## TASK DIRECTIONS
Output all of the entries beneath, exactly as written.
◇ ◇ ◇ ◇ ◇ ◇ ◇
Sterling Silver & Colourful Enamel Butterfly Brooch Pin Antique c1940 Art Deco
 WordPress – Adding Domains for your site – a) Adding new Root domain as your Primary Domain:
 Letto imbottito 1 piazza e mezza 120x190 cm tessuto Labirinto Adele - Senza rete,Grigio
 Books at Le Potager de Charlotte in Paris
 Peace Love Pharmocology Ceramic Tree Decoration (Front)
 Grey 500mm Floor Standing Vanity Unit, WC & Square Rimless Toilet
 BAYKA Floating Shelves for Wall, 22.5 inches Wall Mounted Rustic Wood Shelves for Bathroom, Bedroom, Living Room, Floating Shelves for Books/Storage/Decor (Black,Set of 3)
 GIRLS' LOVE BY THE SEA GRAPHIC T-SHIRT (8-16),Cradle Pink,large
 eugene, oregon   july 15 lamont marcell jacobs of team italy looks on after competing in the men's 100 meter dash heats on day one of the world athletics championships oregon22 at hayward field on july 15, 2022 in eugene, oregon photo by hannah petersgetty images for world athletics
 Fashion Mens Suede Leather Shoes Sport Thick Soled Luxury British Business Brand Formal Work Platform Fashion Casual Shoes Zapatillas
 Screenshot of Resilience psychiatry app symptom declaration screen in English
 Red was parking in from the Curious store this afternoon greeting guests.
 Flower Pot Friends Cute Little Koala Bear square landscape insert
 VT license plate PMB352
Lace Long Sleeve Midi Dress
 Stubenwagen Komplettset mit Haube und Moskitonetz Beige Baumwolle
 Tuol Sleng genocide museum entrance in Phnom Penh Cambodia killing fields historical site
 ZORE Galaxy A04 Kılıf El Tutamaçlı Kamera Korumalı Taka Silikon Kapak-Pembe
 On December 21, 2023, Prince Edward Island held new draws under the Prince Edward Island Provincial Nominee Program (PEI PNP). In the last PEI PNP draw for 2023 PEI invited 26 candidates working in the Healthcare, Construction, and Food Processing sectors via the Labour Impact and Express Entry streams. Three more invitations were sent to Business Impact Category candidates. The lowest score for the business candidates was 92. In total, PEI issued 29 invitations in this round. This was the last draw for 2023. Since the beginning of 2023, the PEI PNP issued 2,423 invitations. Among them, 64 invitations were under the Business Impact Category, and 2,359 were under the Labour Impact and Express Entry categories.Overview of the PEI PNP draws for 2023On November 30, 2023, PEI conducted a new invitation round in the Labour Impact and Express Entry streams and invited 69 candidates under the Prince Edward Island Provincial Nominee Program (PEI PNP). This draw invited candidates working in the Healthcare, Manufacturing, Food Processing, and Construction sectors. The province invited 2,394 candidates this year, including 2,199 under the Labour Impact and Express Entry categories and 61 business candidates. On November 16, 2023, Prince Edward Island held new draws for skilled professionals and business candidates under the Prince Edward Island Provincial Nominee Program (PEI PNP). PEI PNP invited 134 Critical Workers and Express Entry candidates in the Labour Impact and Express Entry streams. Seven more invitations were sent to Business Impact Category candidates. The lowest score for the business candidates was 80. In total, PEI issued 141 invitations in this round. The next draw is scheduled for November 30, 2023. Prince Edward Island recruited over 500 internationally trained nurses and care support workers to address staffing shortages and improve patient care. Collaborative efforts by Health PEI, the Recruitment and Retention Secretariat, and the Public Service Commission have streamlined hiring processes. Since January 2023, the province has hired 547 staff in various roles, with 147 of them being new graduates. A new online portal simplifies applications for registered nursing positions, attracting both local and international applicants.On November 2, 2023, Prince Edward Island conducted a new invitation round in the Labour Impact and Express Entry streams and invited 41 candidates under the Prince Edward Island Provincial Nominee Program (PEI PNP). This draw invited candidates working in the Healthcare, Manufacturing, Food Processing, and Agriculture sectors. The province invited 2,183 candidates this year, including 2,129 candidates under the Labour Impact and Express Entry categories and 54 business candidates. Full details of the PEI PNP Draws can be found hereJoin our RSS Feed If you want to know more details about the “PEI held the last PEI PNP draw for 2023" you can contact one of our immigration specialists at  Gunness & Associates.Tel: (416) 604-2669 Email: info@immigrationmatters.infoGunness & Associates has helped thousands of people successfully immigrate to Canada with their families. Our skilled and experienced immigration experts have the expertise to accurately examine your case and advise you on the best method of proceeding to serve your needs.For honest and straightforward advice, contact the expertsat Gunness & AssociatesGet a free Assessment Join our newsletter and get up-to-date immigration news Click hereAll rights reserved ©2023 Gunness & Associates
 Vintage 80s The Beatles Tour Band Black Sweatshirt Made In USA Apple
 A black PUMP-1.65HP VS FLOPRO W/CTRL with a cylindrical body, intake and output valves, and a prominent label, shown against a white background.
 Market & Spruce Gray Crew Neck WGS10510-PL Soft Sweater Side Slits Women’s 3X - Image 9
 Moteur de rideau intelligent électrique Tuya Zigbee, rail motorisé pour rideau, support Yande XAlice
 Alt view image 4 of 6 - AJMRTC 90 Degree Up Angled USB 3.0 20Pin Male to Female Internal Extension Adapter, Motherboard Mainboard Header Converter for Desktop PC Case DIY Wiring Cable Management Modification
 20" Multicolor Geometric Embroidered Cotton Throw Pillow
◇ ◇ ◇ ◇ ◇ ◇ ◇
## SOLVED PROBLEM
Sterling Silver & Colourful Enamel Butterfly Brooch Pin Antique c1940 Art Deco
 WordPress – Adding Domains for your site – a) Adding new Root domain as your Primary Domain:
 Letto imbottito 1 piazza e mezza 120x190 cm tessuto Labirinto Adele - Senza rete,Grigio
 Books at Le Potager de Charlotte in Paris
 Peace Love Pharmocology Ceramic Tree Decoration (Front)
 Grey 500mm Floor Standing Vanity Unit, WC & Square Rimless Toilet
 BAYKA Floating Shelves for Wall, 22.5 inches Wall Mounted Rustic Wood Shelves for Bathroom, Bedroom, Living Room, Floating Shelves for Books/Storage/Decor (Black,Set of 3)
 GIRLS' LOVE BY THE SEA GRAPHIC T-SHIRT (8-16),Cradle Pink,large
 eugene, oregon   july 15 lamont marcell jacobs of team italy looks on after competing in the men's 100 meter dash heats on day one of the world athletics championships oregon22 at hayward field on july 15, 2022 in eugene, oregon photo by hannah petersgetty images for world athletics
 Fashion Mens Suede Leather Shoes Sport Thick Soled Luxury British Business Brand Formal Work Platform Fashion Casual Shoes Zapatillas
 Screenshot of Resilience psychiatry app symptom declaration screen in English
 Red was parking in from the Curious store this afternoon greeting guests.
 Flower Pot Friends Cute Little Koala Bear square landscape insert
 VT license plate PMB352
Lace Long Sleeve Midi Dress
 Stubenwagen Komplettset mit Haube und Moskitonetz Beige Baumwolle
 Tuol Sleng genocide museum entrance in Phnom Penh Cambodia killing fields historical site
 ZORE Galaxy A04 Kılıf El Tutamaçlı Kamera Korumalı Taka Silikon Kapak-Pembe
 On December 21, 2023, Prince Edward Island held new draws under the Prince Edward Island Provincial Nominee Program (PEI PNP). In the last PEI PNP draw for 2023 PEI invited 26 candidates working in the Healthcare, Construction, and Food Processing sectors via the Labour Impact and Express Entry streams. Three more invitations were sent to Business Impact Category candidates. The lowest score for the business candidates was 92. In total, PEI issued 29 invitations in this round. This was the last draw for 2023. Since the beginning of 2023, the PEI PNP issued 2,423 invitations. Among them, 64 invitations were under the Business Impact Category, and 2,359 were under the Labour Impact and Express Entry categories.Overview of the PEI PNP draws for 2023On November 30, 2023, PEI conducted a new invitation round in the Labour Impact and Express Entry streams and invited 69 candidates under the Prince Edward Island Provincial Nominee Program (PEI PNP). This draw invited candidates working in the Healthcare, Manufacturing, Food Processing, and Construction sectors. The province invited 2,394 candidates this year, including 2,199 under the Labour Impact and Express Entry categories and 61 business candidates. On November 16, 2023, Prince Edward Island held new draws for skilled professionals and business candidates under the Prince Edward Island Provincial Nominee Program (PEI PNP). PEI PNP invited 134 Critical Workers and Express Entry candidates in the Labour Impact and Express Entry streams. Seven more invitations were sent to Business Impact Category candidates. The lowest score for the business candidates was 80. In total, PEI issued 141 invitations in this round. The next draw is scheduled for November 30, 2023. Prince Edward Island recruited over 500 internationally trained nurses and care support workers to address staffing shortages and improve patient care. Collaborative efforts by Health PEI, the Recruitment and Retention Secretariat, and the Public Service Commission have streamlined hiring processes. Since January 2023, the province has hired 547 staff in various roles, with 147 of them being new graduates. A new online portal simplifies applications for registered nursing positions, attracting both local and international applicants.On November 2, 2023, Prince Edward Island conducted a new invitation round in the Labour Impact and Express Entry streams and invited 41 candidates under the Prince Edward Island Provincial Nominee Program (PEI PNP). This draw invited candidates working in the Healthcare, Manufacturing, Food Processing, and Agriculture sectors. The province invited 2,183 candidates this year, including 2,129 candidates under the Labour Impact and Express Entry categories and 54 business candidates. Full details of the PEI PNP Draws can be found hereJoin our RSS Feed If you want to know more details about the “PEI held the last PEI PNP draw for 2023" you can contact one of our immigration specialists at  Gunness & Associates.Tel: (416) 604-2669 Email: info@immigrationmatters.infoGunness & Associates has helped thousands of people successfully immigrate to Canada with their families. Our skilled and experienced immigration experts have the expertise to accurately examine your case and advise you on the best method of proceeding to serve your needs.For honest and straightforward advice, contact the expertsat Gunness & AssociatesGet a free Assessment Join our newsletter and get up-to-date immigration news Click hereAll rights reserved ©2023 Gunness & Associates
 Vintage 80s The Beatles Tour Band Black Sweatshirt Made In USA Apple
 A black PUMP-1.65HP VS FLOPRO W/CTRL with a cylindrical body, intake and output valves, and a prominent label, shown against a white background.
 Market & Spruce Gray Crew Neck WGS10510-PL Soft Sweater Side Slits Women’s 3X - Image 9
 Moteur de rideau intelligent électrique Tuya Zigbee, rail motorisé pour rideau, support Yande XAlice
 Alt view image 4 of 6 - AJMRTC 90 Degree Up Angled USB 3.0 20Pin Male to Female Internal Extension Adapter, Motherboard Mainboard Header Converter for Desktop PC Case DIY Wiring Cable Management Modification
 20" Multicolor Geometric Embroidered Cotton Throw Pillow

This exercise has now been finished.